Explosion bei Werder Bremen blieb aus
Tatsächlich ist rund um Woltemade für den SVW vieles gelinde gesagt unglücklich gelaufen. Schon früh war dem Eigengewächs zugetraut worden, den Durchbruch im Profibereich zu schaffen, so richtig wollte es in Bremen bei dem spielstarken Stürmer aber nicht klappen.
Erst eine Leihe zum damaligen Drittligisten SV Elversberg, wo Woltemade ausgerechnet vom neuen Werder-Coach Horst Steffen gefördert wurde, brachte ihn einen entscheidenden Schritt weiter.

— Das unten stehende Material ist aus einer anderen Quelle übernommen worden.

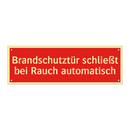 Brandschutztür schließt bei Rauch automatisch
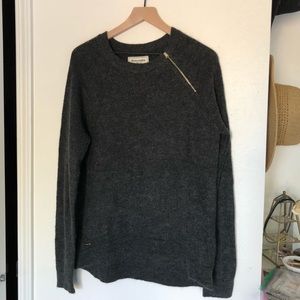 Abercrombie Knit Zip Detail Sweater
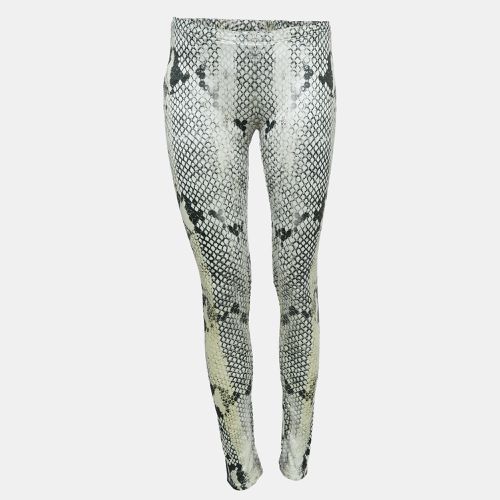 Roberto Cavalli Multicolor Snake Print Jersey Leggings L - Roberto Cavalli - Modalova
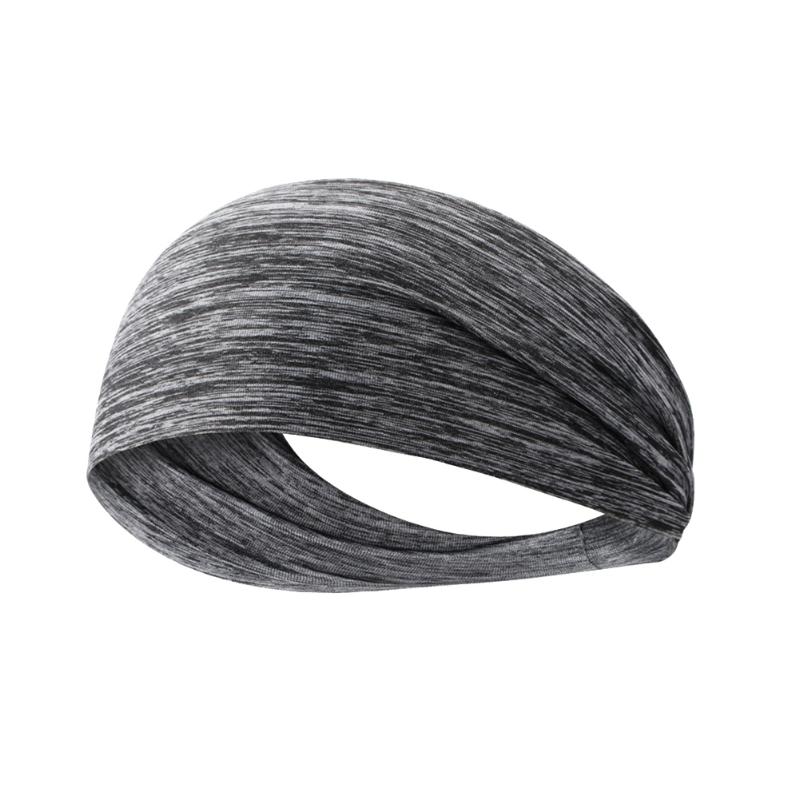 Sport Hoofdband Mannen Vrouwen Unisex Ademend Yoga Fitness Sneldrogend Elastische Haar Zweet Band Voor Outdoor Running Decor: White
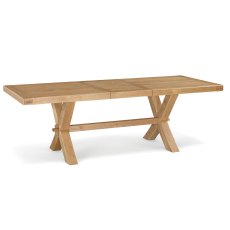 Fairford Cross Leg Extending Dining Table Fairford Cross Leg Extending Dining Table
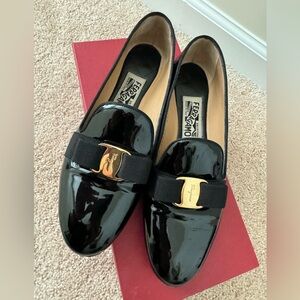 Salvatore Ferragamo Patent Leather Flats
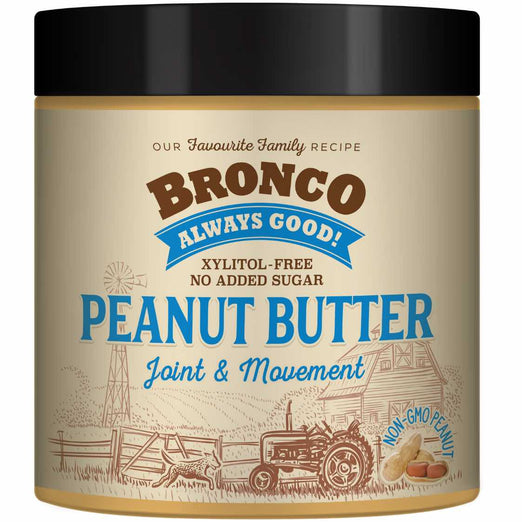 Bronco Peanut Butter Joint & Movement Dog Treat 250g - Kohepets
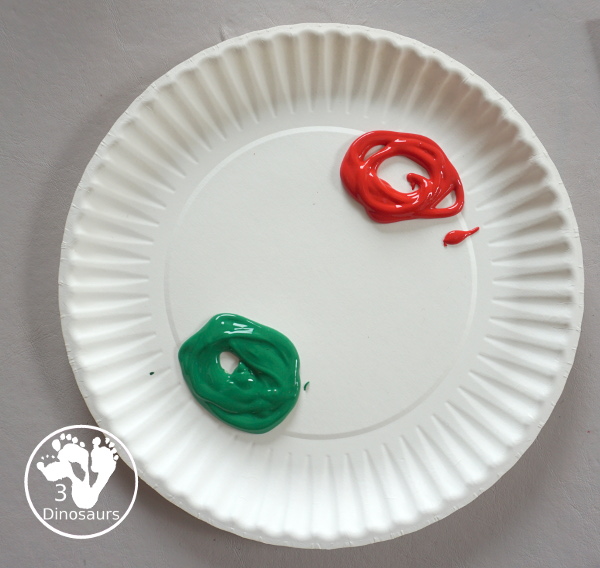 Paper Roll Painted Apple Tree - a simple apple painting for kids for a fun apple craft you can make during the fall. It is a great mixed media painting as well. - 3Dinosaurs.com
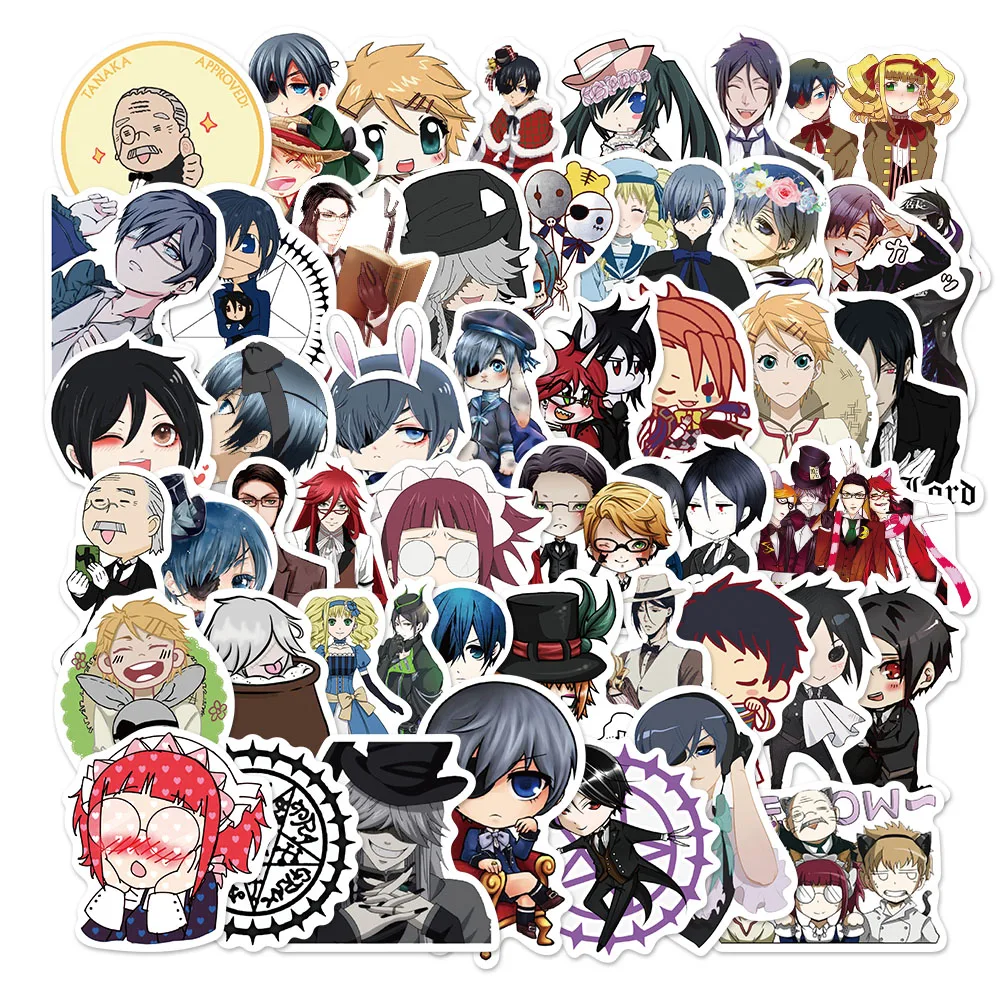 

50 шт., водонепроницаемые ПВХ Стикеры для скейта, гитары, скейтборда, блокнота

Nach zehn Toren und neun Vorlagen wurde er zum Spieler der Saison gekürt und wagte anschließend einen neuen Anlauf an der Weser. Unter Ole Werner gewöhnte sich der Rückkehrer immer besser an die Anforderungen der Bundesliga, in der Rückserie 23/24 stieg er zum Stammspieler auf.
Doch die totale Explosion blieb aus, und auch Woltemade selbst schien sich mehr erhofft zu haben als zwei Tore (per Doppelpack gegen Gladbach) in 30 Einsätzen, verteilt auf nur 1.184 Spielminuten.

Sämtliche Versuche der Werder-Bosse, sein auslaufendes Arbeitspapier zu verlängern, ließ der Offensivmann daher ins Leere laufen. Als der VfB Stuttgart, zu dem er aus familiären Gründen stets eine große Verbundenheit pflegte, irgendwann anklopfte und mit der Aussicht auf Champions-League-Fußball lockte, brach Woltemade die Zelte in seiner Geburtsstadt schließlich ab.
Ein bitterer Moment für die Bremer, die sich seit Längerem danach sehnen, endlich mal wieder einen Top-Spieler selbst herauszubringen. Im selben Sommer entschied sich übrigens auch der zuvor verliehene Eren Dinkci für einen endgültigen Abschied, davor bereits Fabio Chiarodia.
Solidaritätsbeitrag statt Mega-Ablöse
Fakt ist: Weder sportlich noch finanziell hat Werder von Woltemades rasanter Entwicklung profitiert. Sollte der Senkrechtstarter vom VfB weiterverkauft werden, steht dem Klub allenfalls ein anteiliger Solidaritätsbeitrag für die Ausbildung des Spielers zu. Im besten Falle könnte dieser gerade so im siebenstelligen Bereich liegen.
Stuttgart hingegen dürfte bei Offerten unterhalb der 40 Millionen Euro nicht einmal den Hörer abnehmen. Bei einem laufenden Vertrag bis 2028 und einem guten Draht zwischen Woltemade und seinem Trainer Sebastian Hoeneß hält der VfB alle Trümpfe in der Hand.
Kein Verlierer-Gefühl in Bremen
Weiter nördlich muss man derweil tatenlos mitansehen, wie der Stürmer, der im Alter von acht zum SVW gekommen war und ein Gesicht eines neuen, jungen Werders hätte werden sollen, andernorts komplett durch die Decke geht und sich neuerdings gar A-Nationalspieler nennen kann.
Zur Wahrheit gehört freilich, dass Sportboss Clemens Fritz und Co. vor einem Jahr die Hände gebunden waren. Bei seiner letzten Verlängerung in Bremen hatte sich Woltemade nur auf ein kurzfristiges Arbeitspapier eingelassen, entsprechend erwartbar waren Avancen anderer Klubs. Und sportlich war der Youngster bis zu seinem Abschied, aller Fortschritte zum Trotz, eben nicht unersetzlich.
Als Verlierer des Woltemade-Hypes sieht man sich an der Weser jedenfalls nicht. Man freue sich für den verlorenen Sohn und seine Erfolge, so der einhellige Tenor der Verantwortlichen.
Und doch ist zu spüren, dass in der Hansestadt jedem schmerzlich bewusst ist, vor einem Jahr womöglich einen kommenden Weltstar verloren zu haben. Ablösefrei.